LAWRENCE — Mayor Daniel Rivera on Monday claimed much of the credit for balancing a budget without raising taxes, improving professionalism at City Hall by imposing a dress code and presiding over a year of rising property values and dropping crime rates.
But all that got buried in the 30-minute State of the City address he delivered to the City Council by – what else? – snow.
As public works crews spent another night hauling away the frozen 7-foot-high heaps of snow along city streets while the temperature dipped into single digits, Rivera began his address by declaring victory over what he called “a winter of historic proportion” that he said helped fortify the resolve of a city on the rebound.
“I stand before you tonight a bit battle worn, if not from the end of my first year in office (then) definitely from shoveling snow and fighting a winter season that has … damaged roofs, burst gutters, destroyed roads and sidewalks, closed schools and businesses, shut down highways, crippled public transit and trapped people in their homes,” Rivera told the councilors and the 80 or so people, most of them city employees, who came out in the latest blast from Siberia to fill the council chambers to crowded but not overflowing.
“With all our snow removal obstacles, we are fortunate to have a community that has both supported our efforts in snow removal and has the stamina to withstand these harsh winter conditions,” Rivera said. “Having survived this alone makes us a strong community.”
The succession of snowfalls has cost the city about $2 million to push aside and remove – more than 13 times the $150,000 that was budgeted for the year – which will pose another problem of historic proportion when Rivera attempts to balance the city’s books as the fiscal year ends on June 30. Mayors typically cover budget overruns caused by the weather with surpluses left over from earlier years, which now total $9.5 million.
Monday’s address may have been most notable for the single word Rivera used to describe the state of the city.

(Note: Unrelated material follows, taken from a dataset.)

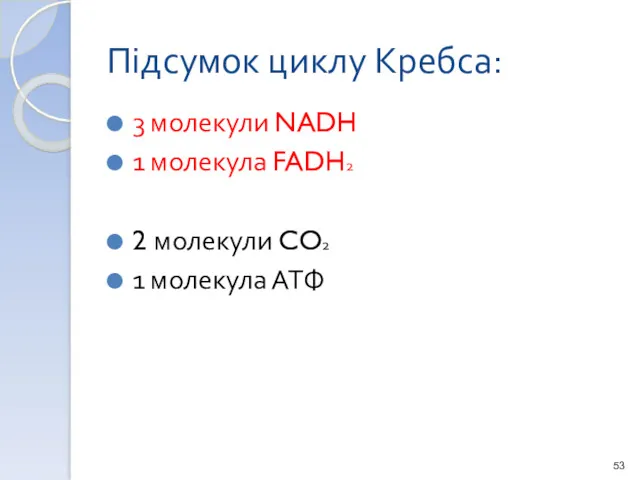 Підсумок циклу Кребса: 3 молекули NADH 1 молекула FADH2 2 молекули CO2 1 молекула АТФ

When he delivered his first address to the council last year after 32 days in office, he said the state of the city was “hopeful.” The word was a departure from the one chief executives from mayors to presidents typically use in similar speeches in all but the worst years. Last night, Rivera used the more traditional word, although tentatively.
“The state of our city is strong,” he said, “but with much to do to ensure long-term strength.”